WHAT IS REQUIRED:
All of the data below should be copied exactly as it stands.

RECORDS TO PROCESS:
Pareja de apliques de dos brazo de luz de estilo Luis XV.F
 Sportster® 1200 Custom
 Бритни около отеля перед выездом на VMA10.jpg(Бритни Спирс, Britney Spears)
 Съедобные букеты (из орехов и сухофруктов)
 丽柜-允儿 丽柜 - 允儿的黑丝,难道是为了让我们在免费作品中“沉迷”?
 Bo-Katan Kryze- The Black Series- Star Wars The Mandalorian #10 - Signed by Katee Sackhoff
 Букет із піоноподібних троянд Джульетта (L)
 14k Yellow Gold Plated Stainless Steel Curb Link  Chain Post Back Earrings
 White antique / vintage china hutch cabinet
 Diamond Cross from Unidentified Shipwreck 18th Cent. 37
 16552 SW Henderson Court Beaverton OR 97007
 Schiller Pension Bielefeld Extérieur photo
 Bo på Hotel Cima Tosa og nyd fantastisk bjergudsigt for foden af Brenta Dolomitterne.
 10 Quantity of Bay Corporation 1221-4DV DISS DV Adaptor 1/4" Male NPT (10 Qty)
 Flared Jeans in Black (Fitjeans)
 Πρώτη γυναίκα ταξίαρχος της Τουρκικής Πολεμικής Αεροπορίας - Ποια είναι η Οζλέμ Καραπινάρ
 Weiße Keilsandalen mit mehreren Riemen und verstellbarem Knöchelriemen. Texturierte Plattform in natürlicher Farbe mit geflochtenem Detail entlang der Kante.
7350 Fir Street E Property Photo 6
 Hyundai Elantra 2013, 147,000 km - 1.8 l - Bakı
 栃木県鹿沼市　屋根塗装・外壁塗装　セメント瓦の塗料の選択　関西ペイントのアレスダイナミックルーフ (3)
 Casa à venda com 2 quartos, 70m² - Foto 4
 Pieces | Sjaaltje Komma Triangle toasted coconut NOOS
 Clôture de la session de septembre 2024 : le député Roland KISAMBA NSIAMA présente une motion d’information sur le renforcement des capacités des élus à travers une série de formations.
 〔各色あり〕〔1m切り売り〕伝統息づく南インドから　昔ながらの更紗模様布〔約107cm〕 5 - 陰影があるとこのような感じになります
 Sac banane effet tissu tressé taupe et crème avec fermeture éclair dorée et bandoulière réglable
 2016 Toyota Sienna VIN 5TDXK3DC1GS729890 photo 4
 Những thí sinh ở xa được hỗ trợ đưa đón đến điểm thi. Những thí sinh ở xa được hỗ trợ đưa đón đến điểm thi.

RESPONSE TO THIS EXERCISE:
Pareja de apliques de dos brazo de luz de estilo Luis XV.F
 Sportster® 1200 Custom
 Бритни около отеля перед выездом на VMA10.jpg(Бритни Спирс, Britney Spears)
 Съедобные букеты (из орехов и сухофруктов)
 丽柜-允儿 丽柜 - 允儿的黑丝,难道是为了让我们在免费作品中“沉迷”?
 Bo-Katan Kryze- The Black Series- Star Wars The Mandalorian #10 - Signed by Katee Sackhoff
 Букет із піоноподібних троянд Джульетта (L)
 14k Yellow Gold Plated Stainless Steel Curb Link  Chain Post Back Earrings
 White antique / vintage china hutch cabinet
 Diamond Cross from Unidentified Shipwreck 18th Cent. 37
 16552 SW Henderson Court Beaverton OR 97007
 Schiller Pension Bielefeld Extérieur photo
 Bo på Hotel Cima Tosa og nyd fantastisk bjergudsigt for foden af Brenta Dolomitterne.
 10 Quantity of Bay Corporation 1221-4DV DISS DV Adaptor 1/4" Male NPT (10 Qty)
 Flared Jeans in Black (Fitjeans)
 Πρώτη γυναίκα ταξίαρχος της Τουρκικής Πολεμικής Αεροπορίας - Ποια είναι η Οζλέμ Καραπινάρ
 Weiße Keilsandalen mit mehreren Riemen und verstellbarem Knöchelriemen. Texturierte Plattform in natürlicher Farbe mit geflochtenem Detail entlang der Kante.
7350 Fir Street E Property Photo 6
 Hyundai Elantra 2013, 147,000 km - 1.8 l - Bakı
 栃木県鹿沼市　屋根塗装・外壁塗装　セメント瓦の塗料の選択　関西ペイントのアレスダイナミックルーフ (3)
 Casa à venda com 2 quartos, 70m² - Foto 4
 Pieces | Sjaaltje Komma Triangle toasted coconut NOOS
 Clôture de la session de septembre 2024 : le député Roland KISAMBA NSIAMA présente une motion d’information sur le renforcement des capacités des élus à travers une série de formations.
 〔各色あり〕〔1m切り売り〕伝統息づく南インドから　昔ながらの更紗模様布〔約107cm〕 5 - 陰影があるとこのような感じになります
 Sac banane effet tissu tressé taupe et crème avec fermeture éclair dorée et bandoulière réglable
 2016 Toyota Sienna VIN 5TDXK3DC1GS729890 photo 4
 Những thí sinh ở xa được hỗ trợ đưa đón đến điểm thi. Những thí sinh ở xa được hỗ trợ đưa đón đến điểm thi.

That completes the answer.